(Collected data entries)

────────────────────────────────────────

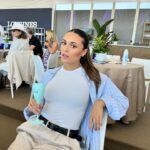 Daniela Calle Instagram - Entre a ver caballos y sali viendo doble 😜 mentiras pero si me dieron una caja de mi champaña favorita 🍾🥂🩵
Gracias @champagnepiaff por la invitacion al @longinesglobalchampionstour de Miami Beach 🏖️🐴

Cadena de manifestación en los comentarios para que sea yo la que esté ahi en el podio algún dia 🤞🏼👇🏼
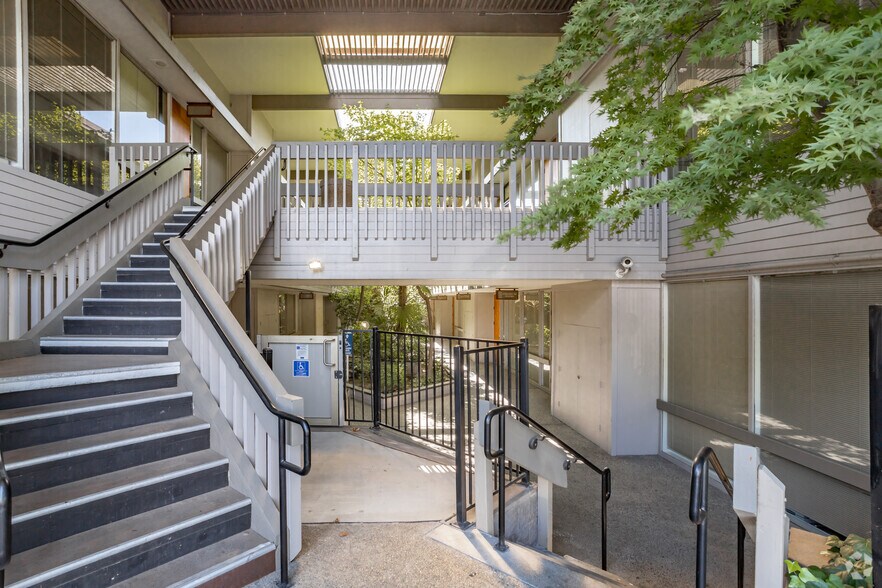 More Photos Of 2020 Hurley Way, Sacramento Office For Lease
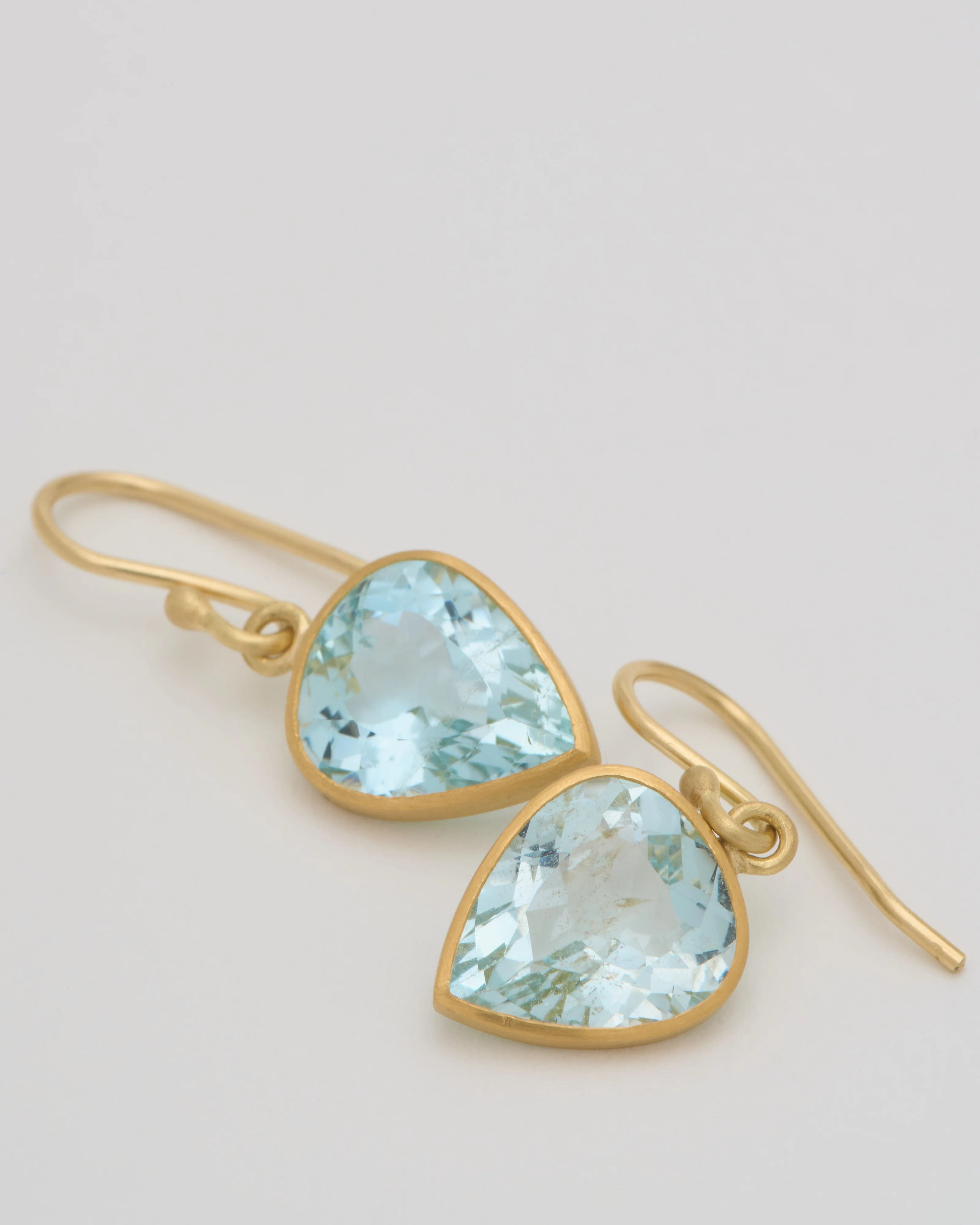 aquamarine faceted teardrop earrings - Image 3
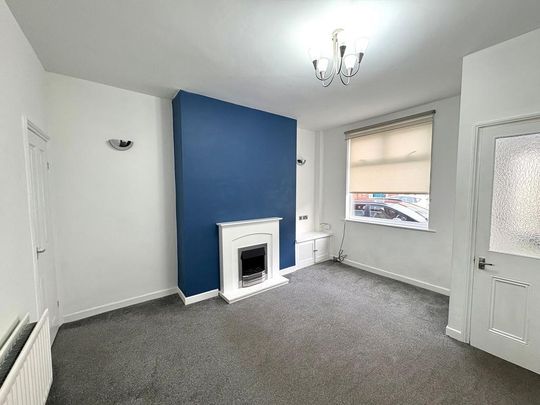 2 bedroom terraced house to rent - Photo 1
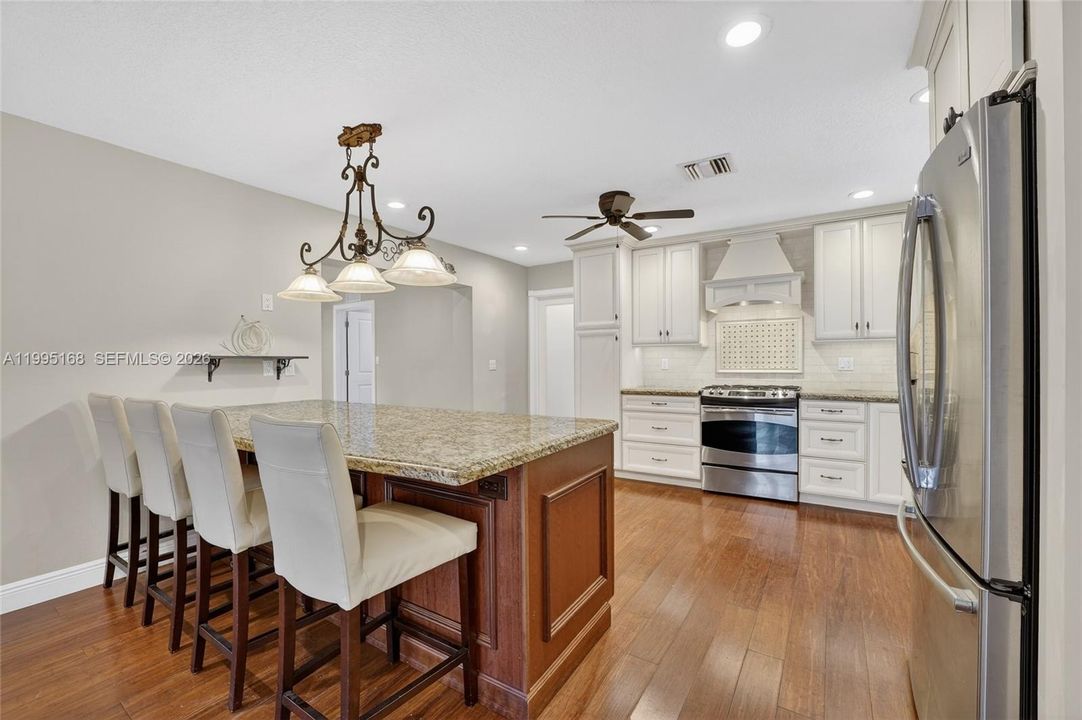 Active With Contract: $849,900 (5 beds, 3 baths, 3070 Square Feet)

────────────────────────────────────────

The problem. The required answer is every line from the one containing "2 bedroom terraced house to rent - Photo 1" through the last line of the entries, restated word for word and with no pictures.

Answer section.
 2 bedroom terraced house to rent - Photo 1
 Active With Contract: $849,900 (5 beds, 3 baths, 3070 Square Feet)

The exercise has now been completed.